**WHAT TO DO**
Find the line with "Tisza-Kert Apartmanok ทิสซาฟือแรด" in the data below. Repeat it and every line after it up to the end, exactly, but drop the pictures.

[Recorded data]
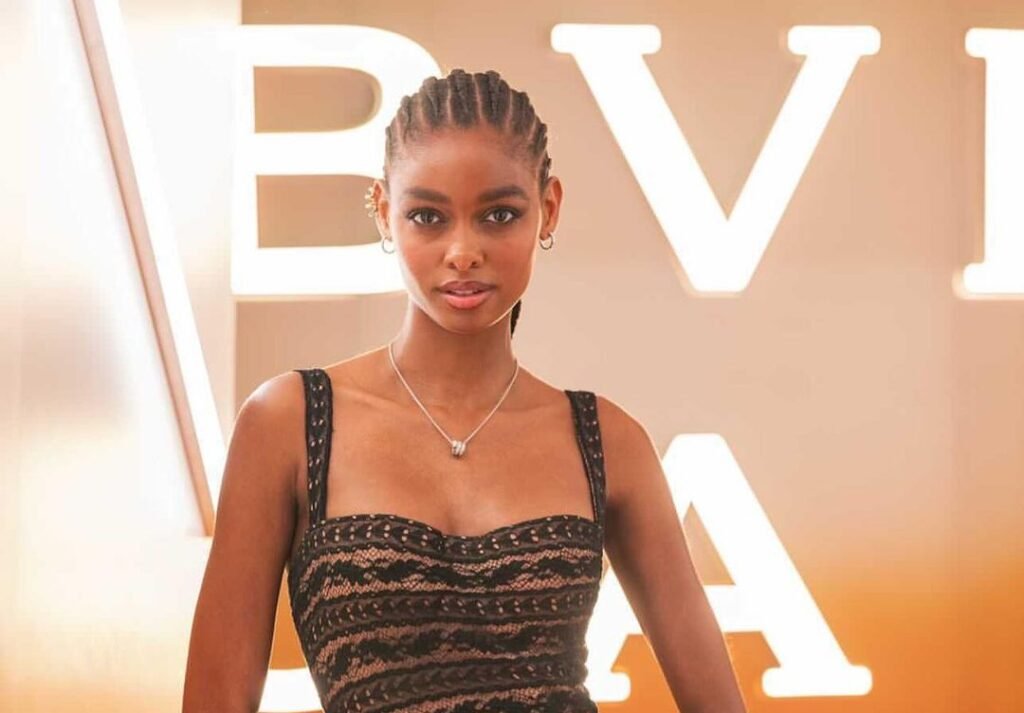 A elegância de Blésnya Minher no evento da Bvlgari
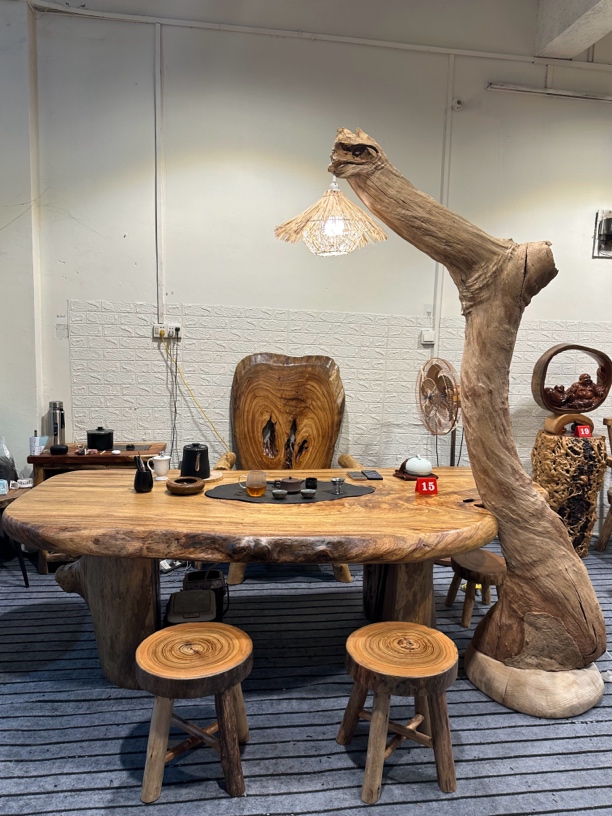 邦祺民宿根雕玩木头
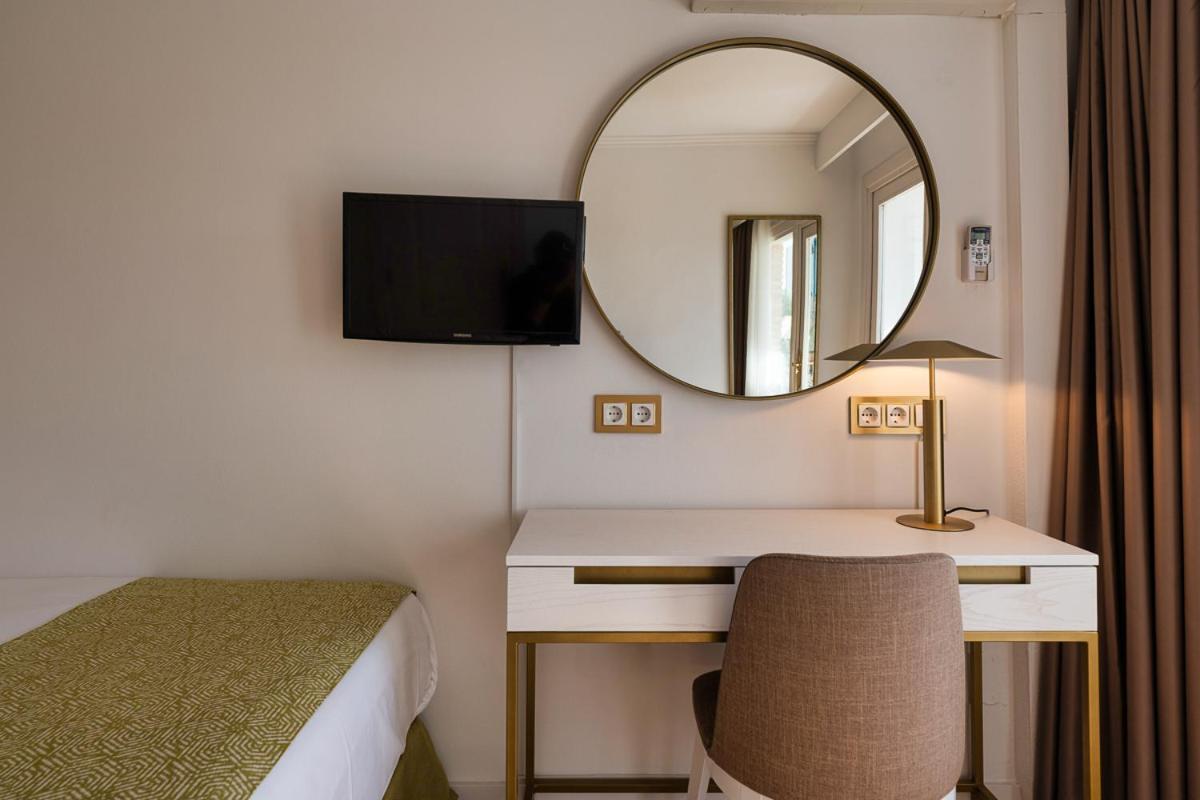 Single Room Balcony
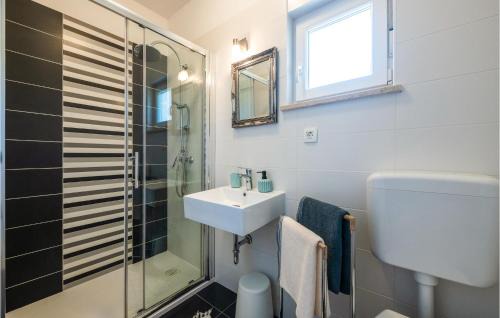 Strmac Casa | Holiday Home Strmac 25 With Outdoor Swimmingpool
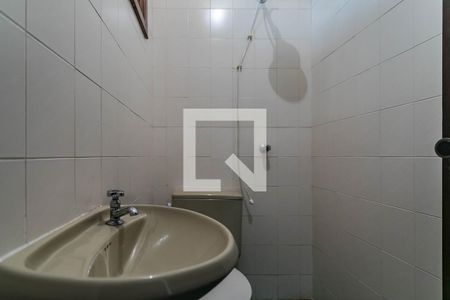 Casa para alugar com 600m², 4 quartos e 4 vagas Casa para alugar com 600m², 4 quartos e 4 vagasBanheiro de Serviço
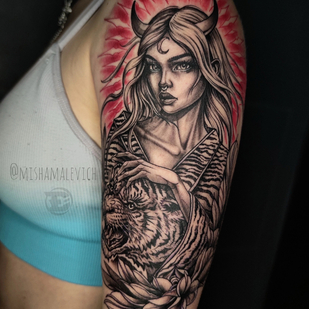 Weiblich Farbe Grafik tattoo auf Schulter #91312 | Tattoo Artist Tattooed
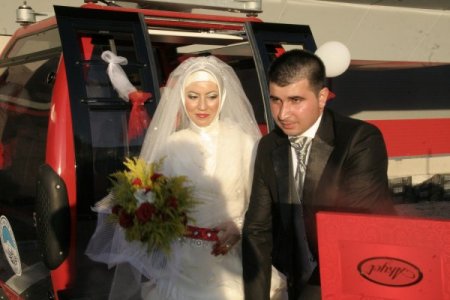 Mutluluğa ilk adımı, Erciyes'te gondolda attılar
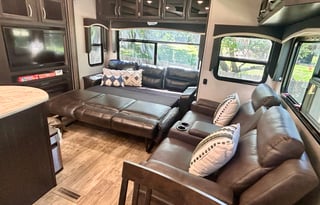 Modern 5th Wheel: Fireplace, Island & 2 Queens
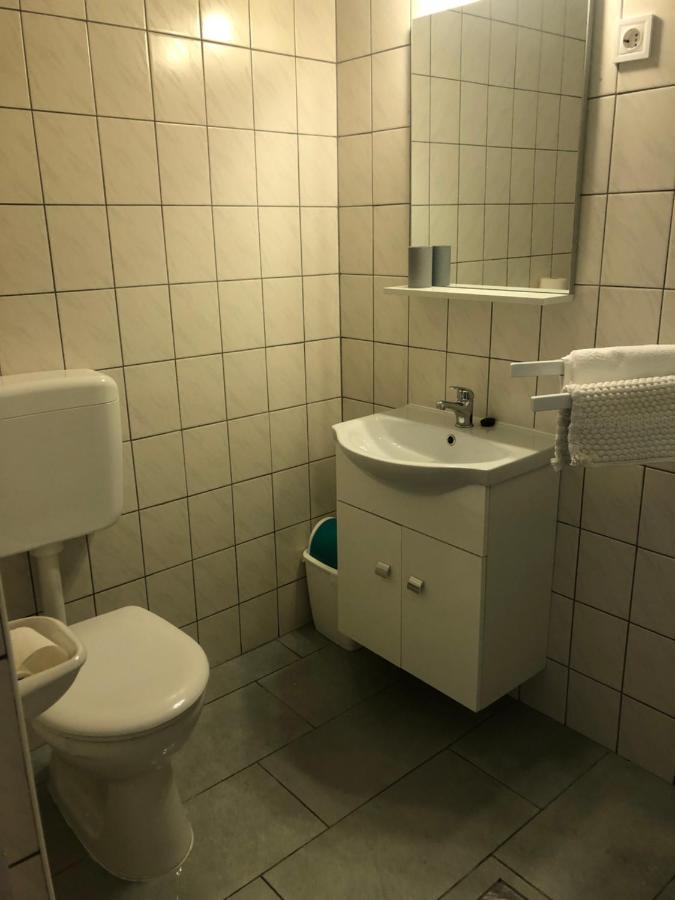 Tisza-Kert Apartmanok ทิสซาฟือแรด ภายนอก รูปภาพ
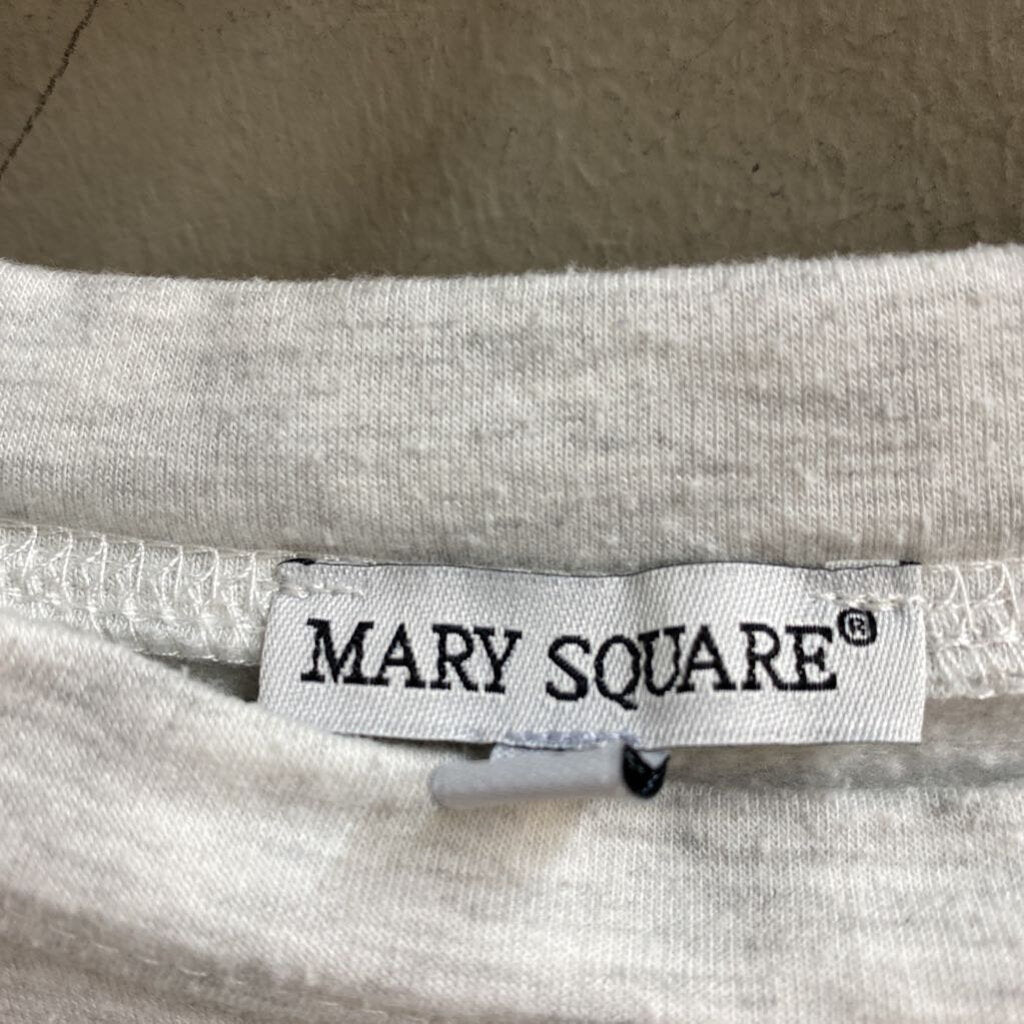 "MAMA" GRAPHIC SWEATSHIRT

**OUTPUT FOR THIS TASK**
 Tisza-Kert Apartmanok ทิสซาฟือแรด ภายนอก รูปภาพ
 "MAMA" GRAPHIC SWEATSHIRT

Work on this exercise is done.